In 2012 IPPs were abolished on the back of a European Court ruling that they breached human rights - on the grounds that prisons had failed to provide inmates access to the rehabilitation courses required to demonstrate to the Parole Board that they were safe to be released.
But the abolition wasn't retrospective, so by 2019 there remained 2,489 prisoners still locked up on IPP sentences.
Among them was Wayne Bell who was just 17 when he was locked up for robbery in 2007 - he punched another lad and took his bike in Ladybarn Park in south Manchester.
It was his misfortune that he was among the first convicts to be handed the new type of sentence - since discredited and abolished as 'unjust'.
Every two years he went before the parole board but each time he was turned down amid continuing concerns about whether he was safe to be released. His probation officer also thought he wasn't safe to be released, according to his family.
There are others.
Within two years of their introduction, 3,000 people were handed IPPs - far more than had been anticipated by the Home Office.
Judges were often obliged to hand down such sentences if the person in the dock had committed one of 153 specified violent or sexual offences and if they had committed one previous specified offence. Judges could only depart from this in rare cases.
The Howard League, which campaigns for prison reform, concluded in 2013 that IPPs were 'poorly planned and implemented and resulted in unjust punishments, particularly those sentenced prior to 2008'. It urged the government to review IPP prisoners who remained behind bars.
It surveyed 103 senior prison governors and the vast majority reported IPPs had a negative impact on both prisoners and staff, in part because they didn't have the resources available to run rehabilitation courses required to demonstrate that inmates were safe to be released.
The parole board struggled to hear the increased number of hearings.
The prison population rose significantly.

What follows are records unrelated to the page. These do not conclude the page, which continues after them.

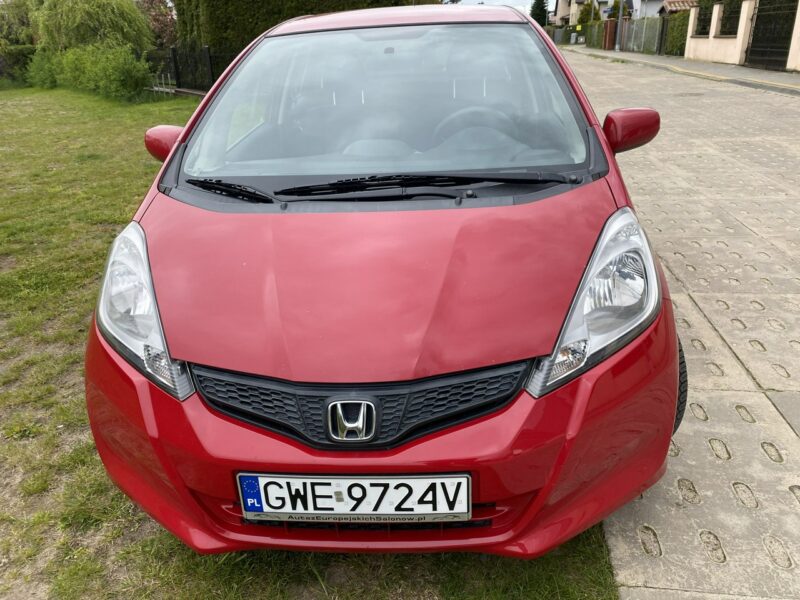 Honda Jazz Rozrząd łańcuszek/Benzyna niezawodna/Klimatyzacja/Przegląd do 2026 III (2008-2014)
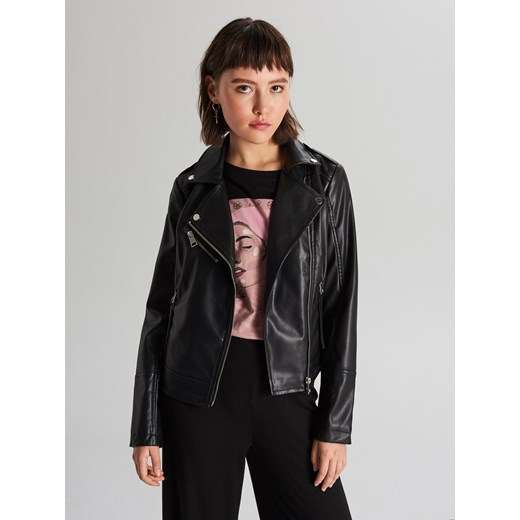 Cropp - Ramoneska - czarny Cropp M okazja Cropp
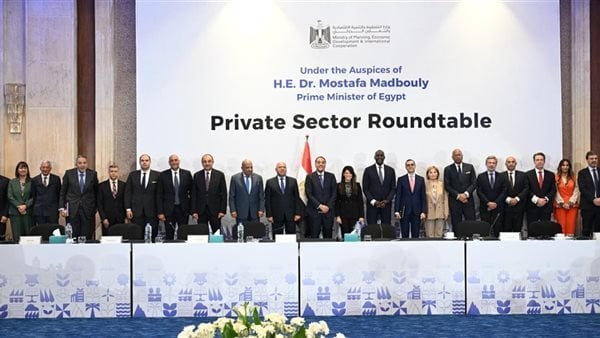 مدبولي يقود مائدة مستديرة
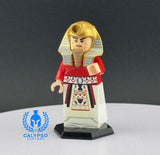 1960's King Tut Custom UV Printed PCC Series Miniature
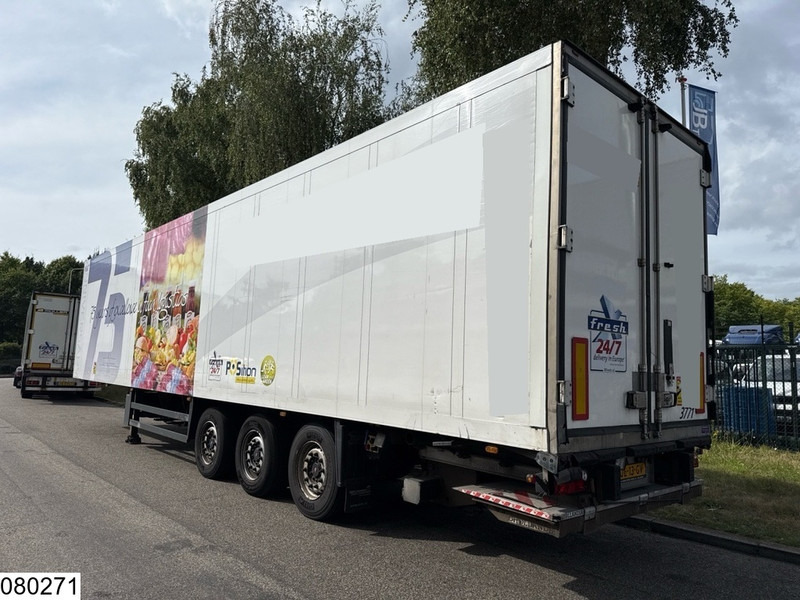 Schmitz Cargobull Koel vries Carrier Vector 1550, Dhollandia - Puspiekabe refrižerators: foto 2 Schmitz Cargobull Koel vries Carrier Vector 1550, Dhollandia - Puspiekabe refrižerators: foto 2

The IPP was finally abolished in 2012 with the then Justice Secretary Ken Clarke stating the sentence had been 'inconsistent', used far more than intended and had proved 'unjust' for many recipients.
In 2017, Parole Board chairman Nick Hardwick told the justice committee of the House of Commons that IPP offenders were being released but that more than half were being recalled, sometimes only for minor breaches of the terms of their release.
Although long gone, IPPs remain a shameful blot on the landscape of our criminal justice system.